Tempo de leitura: 5 minutos

Diante das controvérsias acerca da eficácia da cloroquina e da hidroxicloroquina, é natural que os médicos se questionem sobre as responsabilidades e implicações legais que podem derivar da prescrição, ou não, desses medicamentos.

Em meio a toda angústia da população diante da pandemia de Covid-19, a esperança de uma volta à normalidade reside na descoberta de possíveis tratamentos e vacinas. Nesse momento, um peso demasiadamente grande recai sobre os ombros de cientistas, pesquisadores, e trabalhadores da saúde em geral, já que o futuro pós-pandemia depende diretamente do resultado do trabalho desses profissionais.

As promessas de curas milagrosas seduzem aqueles que anseiam por uma resposta rápida para essa crise, gerando terreno fértil para discussões políticas acaloradas. Muitos também aproveitam para obter lucro, e acabam por incidir em crime de charlatanismo (art. 283, Código Penal), através de promessas de “imunização” contra o Coronavírus.

Sem dúvidas, um dos temas que tem gerado maior debate diz respeito à eficácia da cloroquina e da hidroxicloroquina no tratamento da Covid-19, especialmente diante da pressão política para seu uso mesmo em casos leves. Diante de tanta controvérsia, é natural que os médicos se questionem sobre sua responsabilidade ao prescrever ou não o uso desses medicamentos.
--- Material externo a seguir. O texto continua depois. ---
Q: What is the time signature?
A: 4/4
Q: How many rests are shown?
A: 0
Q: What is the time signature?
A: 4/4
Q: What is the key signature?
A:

De acordo com o Código de Ética Médica, é direito do médico indicar o procedimento adequado ao paciente, observadas as práticas cientificamente reconhecidas e respeitada a legislação vigente. Ainda, de acordo com o artigo 32, é vedado ao médico deixar de usar todos os meios disponíveis de promoção de saúde e de prevenção, diagnóstico e tratamento de doenças, cientificamente reconhecidos e ao seu alcance, em favor do paciente.

Com base nesses direitos e deveres dos médicos, vejamos abaixo as conseqüências legais da prescrição ou não da hidroxicloroquina para pacientes de Covid-19.
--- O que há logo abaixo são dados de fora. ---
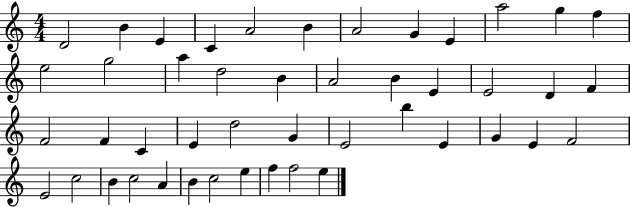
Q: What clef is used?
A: treble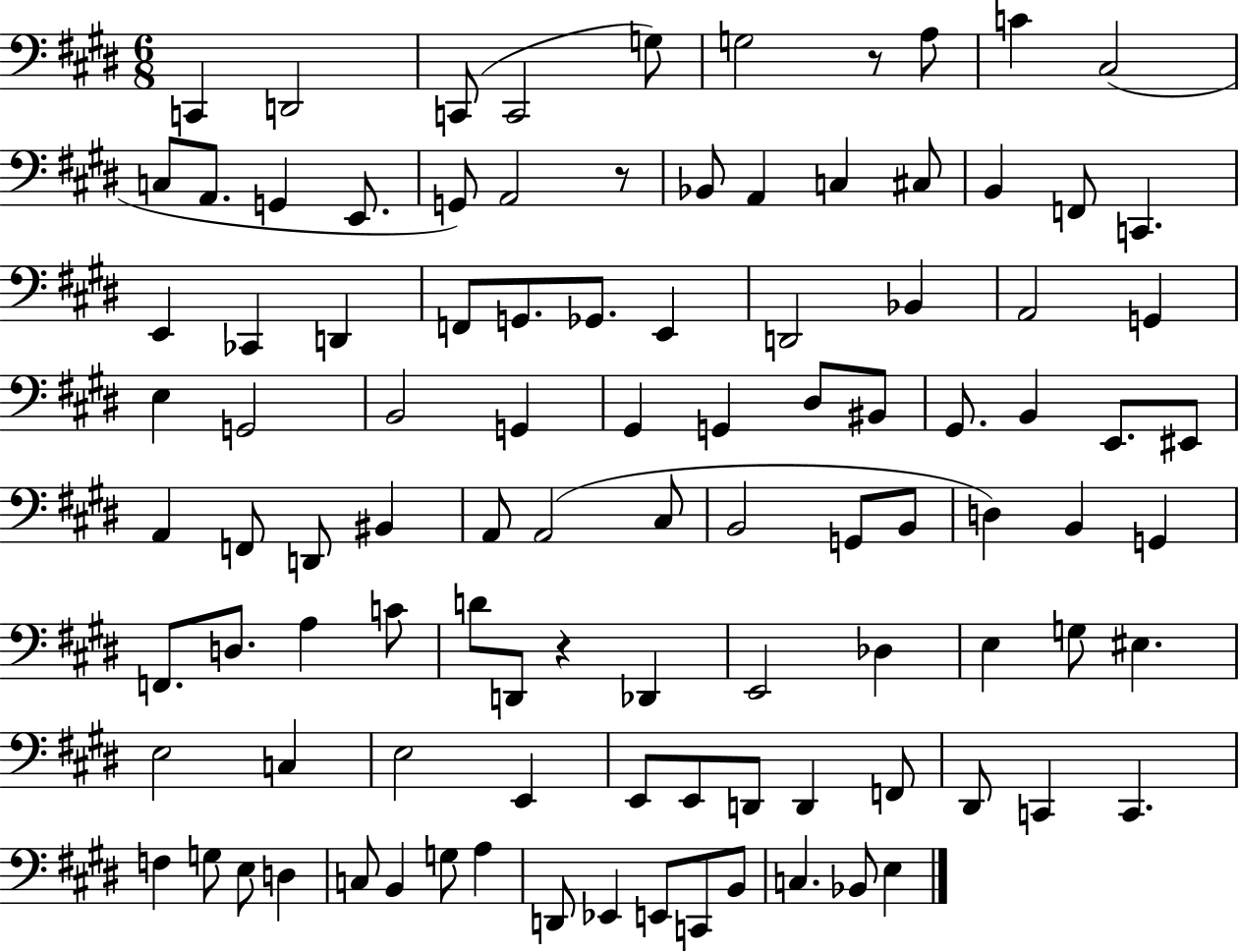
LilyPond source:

{
  \clef bass
  \numericTimeSignature
  \time 6/8
  \key e \major
  c,4 d,2 | c,8( c,2 g8) | g2 r8 a8 | c'4 cis2( | \break c8 a,8. g,4 e,8. | g,8) a,2 r8 | bes,8 a,4 c4 cis8 | b,4 f,8 c,4. | \break e,4 ces,4 d,4 | f,8 g,8. ges,8. e,4 | d,2 bes,4 | a,2 g,4 | \break e4 g,2 | b,2 g,4 | gis,4 g,4 dis8 bis,8 | gis,8. b,4 e,8. eis,8 | \break a,4 f,8 d,8 bis,4 | a,8 a,2( cis8 | b,2 g,8 b,8 | d4) b,4 g,4 | \break f,8. d8. a4 c'8 | d'8 d,8 r4 des,4 | e,2 des4 | e4 g8 eis4. | \break e2 c4 | e2 e,4 | e,8 e,8 d,8 d,4 f,8 | dis,8 c,4 c,4. | \break f4 g8 e8 d4 | c8 b,4 g8 a4 | d,8 ees,4 e,8 c,8 b,8 | c4. bes,8 e4 | \break \bar "|."
}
1. Os médicos podem prescrever o uso de cloroquina ou hidroxicloroquina a seus pacientes?

Como dito acima, é um direito e também um dever do médico prescrever o melhor tratamento, de acordo com as práticas cientificamente reconhecidas. Porém o fato é que ainda não houve tempo hábil para que a ciência determinasse com segurança qual o melhor tratamento para a Covid-19.

Por esse motivo, o Conselho Federal de Medicina (CFM) se manifestou, através do parecer nº 4/2020. Através desse documento, o CFM, apesar de não recomendar, autoriza que o médico prescreva a cloroquina e hidroxicloroquina, mesmo em pacientes com sintomas leves, desde que seja respeitada a decisão compartilhada com o paciente.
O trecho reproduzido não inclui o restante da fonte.